Gumroad is a year old, today.
A year ago I spent a Friday night designing a pencil icon. It took me four hours. At the end of it, I had a beautiful photo-realistic pencil. But I lost four hours. I really wished I had a Photoshop file before I had started, so I wouldn’t have had to spend four hours learning.
Wait a second…
I had a file! I followed a bunch of designers on Twitter. Maybe a bunch of people like me… followed me. I didn’t think this was a ridiculous assumption, so I decided to try selling that pencil icon.
It turns out, that was pretty hard.
There are traditionally two ways to sell something online. The marketplace model, which is the online equivalent of a megastore filled with small little shops. A souk. It didn’t make sense for what I wanted to sell, and the fees are normally pretty high. And then there’s the personal website model. That made more sense!
So I tried it. I spent many hours figuring out how to set up a simple HTML page that let you pay me $1. And then I created another page with the download link. And then I spent way too much time trying to tie in PayPal and building in security for the end link. In the end, I gave up. And I already knew how to code, I had a domain, and I already had a website set up! Ridiculous. Imagine my mom trying to sell something online? Yeah, good luck.
Why is selling so hard? Sharing is so easy!
If the ability to communicate, and to own your own distribution is now available to everyone, I felt as if the ability to sell should be too. Why was selling so much harder than sharing?
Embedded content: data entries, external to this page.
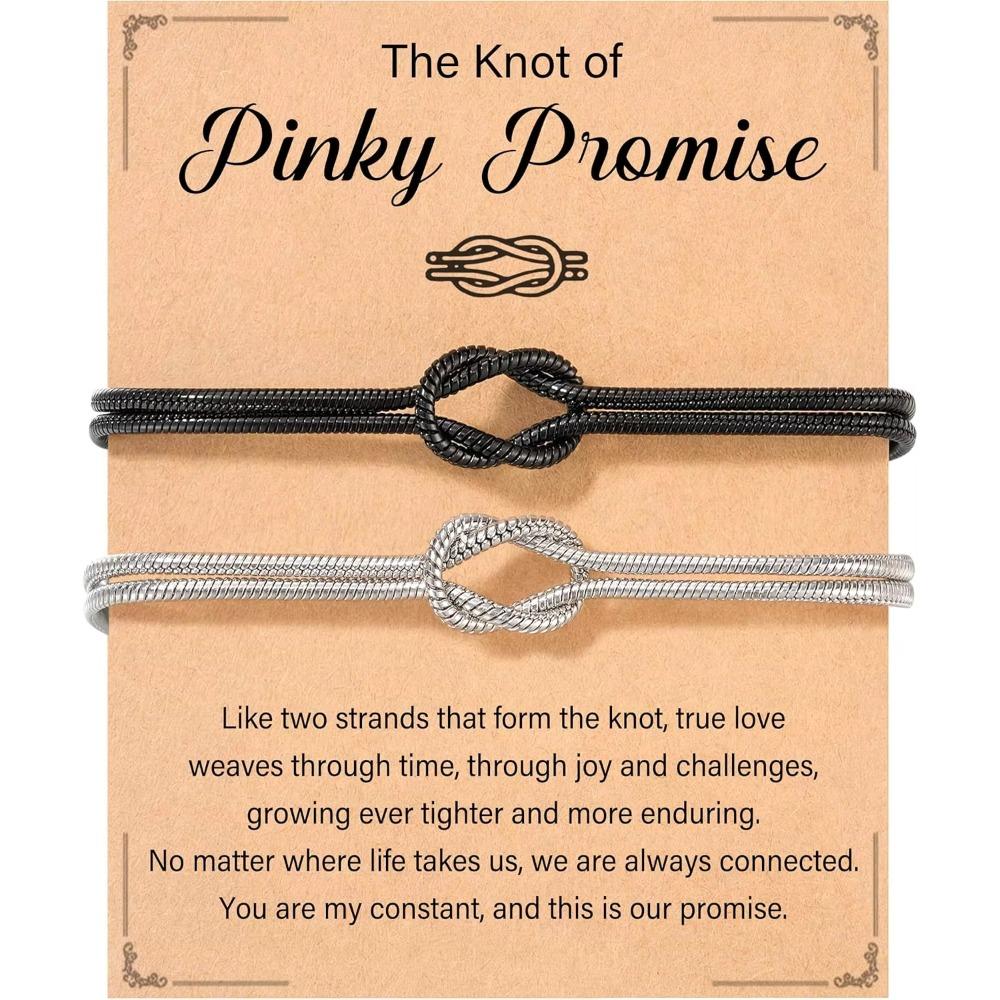 Matching Couples Bracelets Love Knot Relationship Christmas Birthday Anniversary Couples Gifts for Him Her Boyfriend Girlfriend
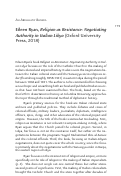 Cover page: Review of Religion as Resistance: Negotiating Authority in Italian Libya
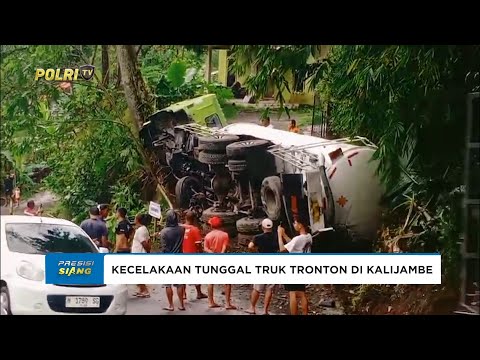 KECELAKAAN TRUK TRONTON TERJADI LAGI DI KALIJAMBE PURWOREJO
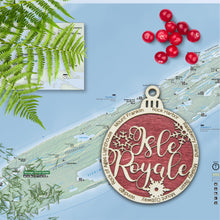 Load image into Gallery viewer, Isle Royale National Park Christmas Ornament - Round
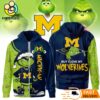 The Grinch Loves The Michigan Wolverines Hoodie, Funny Christmas Football Gift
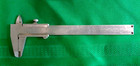 Vintage Helios Vernier Caliper Stainless Steel 7  With Leather Case Germany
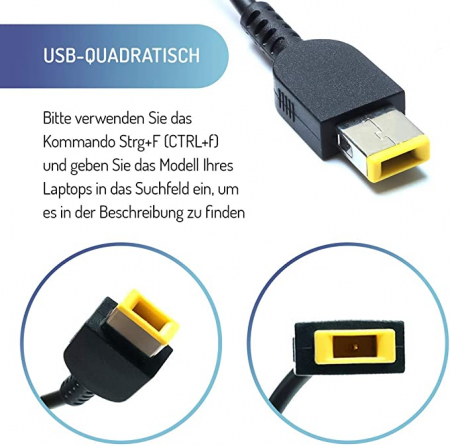 Sursă de alimentare pentru laptop Lenovo G50-45 G70 G700 V110 V130 Z50-70 ThinkPad T440s T450 T450s T460s T540p T570 X240 X250 IdeaPad Yoga A3DLXANC, A3DLX40C [1]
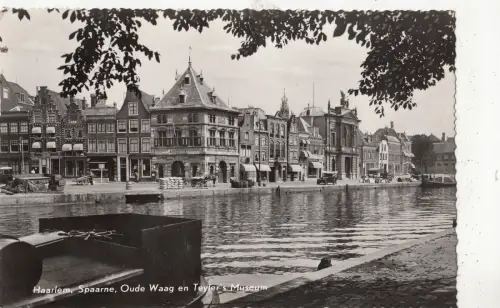 BF33011 haarlem spaarne oude waagen teyler s museum netherland front/back image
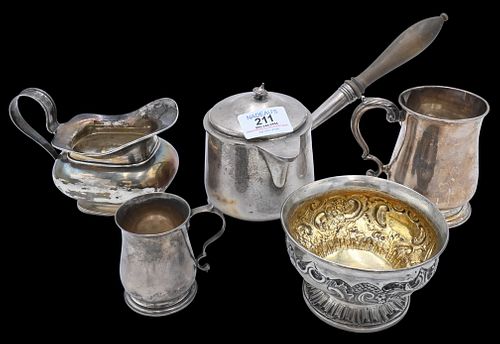 FIVE PIECE ENGLISH STERLING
In my mind, it shouldn’t be. The only difference should be a credit card form.
So I built it. That Friday night I called my mom, told her about it, and she told me to stop talking to her about it and just build it instead. So I did. I started working on it, and I spent that whole weekend obsessed with it.
I spent the whole day Saturday, and the whole day Sunday, building it. I picked the only domain I had on Godaddy that was generic enough for it, and had it ready to go by Sunday night. That was a fun weekend.
The launch.
I “launched” by selling that pencil icon. You can still get it today. I tweeted about it, and posted about Gumroad on Hacker News.
It did well. It got a bunch of upvotes and ended up getting around 50,000 page views on that first day.
There was something here! At the time I was full-time at Pinterest which was also doing (really) well so I put it on the back burner.
But that’s the story about how Gumroad came to be.